Pierre Rebuffi (Baillargues, près de Montpellier 1487-Paris 1557) enseigna successivement le droit civil et le droit canonique à Toulouse, Montpellier, Cahors, Poitiers et Paris. Telle était sa réputation que le pape Paul iii (v. note [45] du Naudæana 3) voulut le faire auditeur de rote. Rebuffi était un médiocre orateur, mais un praticien très versé dans les matières bénéficiales, science encore peu connue de son temps. Il reçut la prêtrise à l’âge de 60 ans.
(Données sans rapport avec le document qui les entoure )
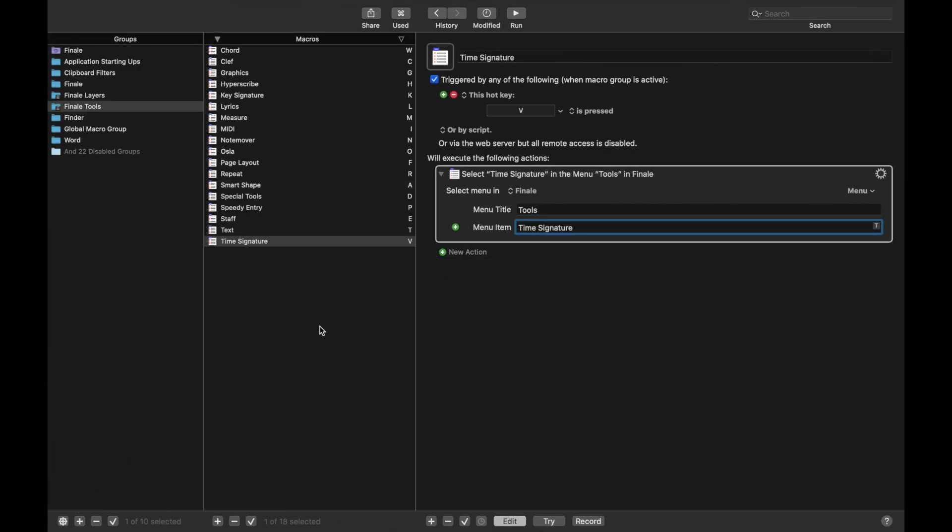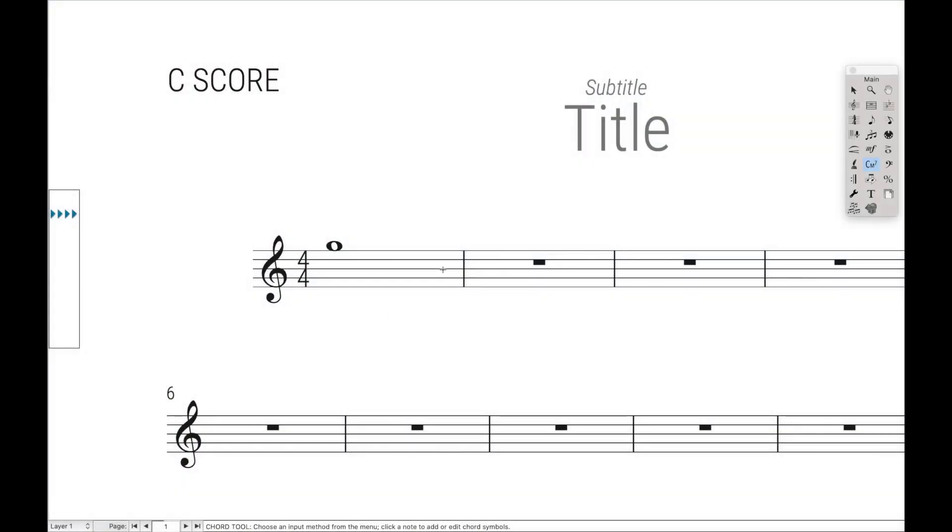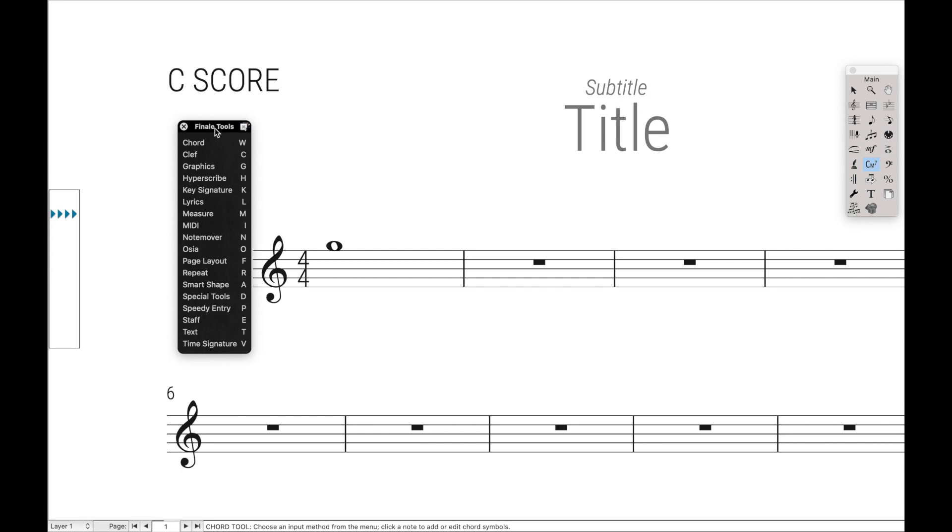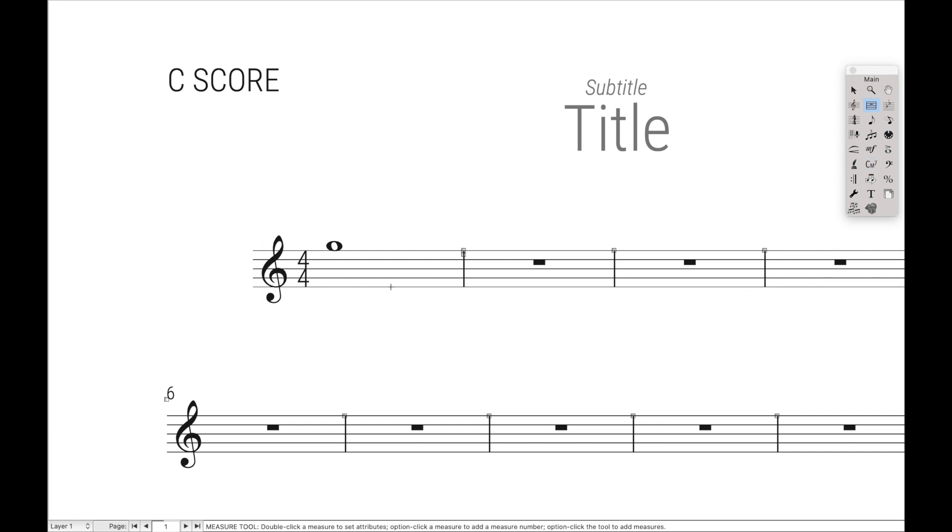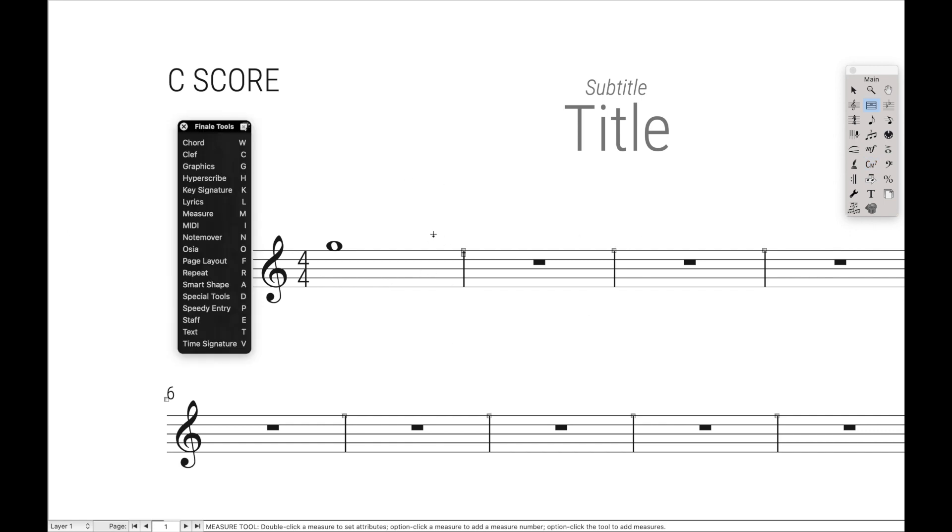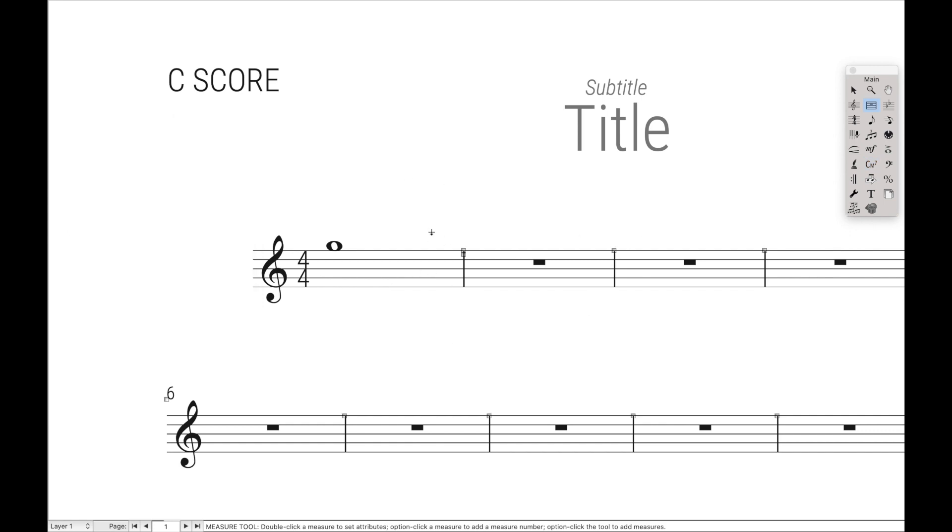So great! Now that you have all those finished, you can quickly and easily switch between all the different tools in Finale by just hitting Command-R and then bringing up the main tool palette. So like M for Measure, and now we're in the Measure tool. Or maybe L for Lyrics, and we're in the Lyrics tool.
Ses Œuvres ont été recueillies en 5 volumes in‑fo (Lyon, 1586).

Guy Patin abbrégeait et adaptait à la Sorbonne le spirituel commentaire de Rebuffi sur la définition du mot Magister, dans son Tractatus Concordatorum [Traité des Concordats], {a} page 919, section De Collationibus [Sur les Contributions], paragraphe intitulé Quare doctores theologiæ vocentur magistri nostri [Pourquoi on appellerait « nos maitres » les docteurs de théologie] :

Ex consuetudine doctores theologos vocamus magistros nostros, et puto eo consuetudinem introductum esse, quod sunt communes omnium, tam in prædicationibus, quam in lectionibus gratis serviendo : ideo quilibet eos nostros appellat, sicut fatuus maritus uxorem nostram, et non suam vocat ; […] sic Papa vocat cardinales scribendo in genere fratres nostros, secus si exprimat nomen proprium ; […] et sic ecclesia dicitur nostra, quia nemini claudit gremium ; sic isti doctores magistri nostri dicuntur ; […] ergo doctores aliarum facultatum non debent vocari magistri nostri, quum non sint communes omnium sine mercede, sicut theologi.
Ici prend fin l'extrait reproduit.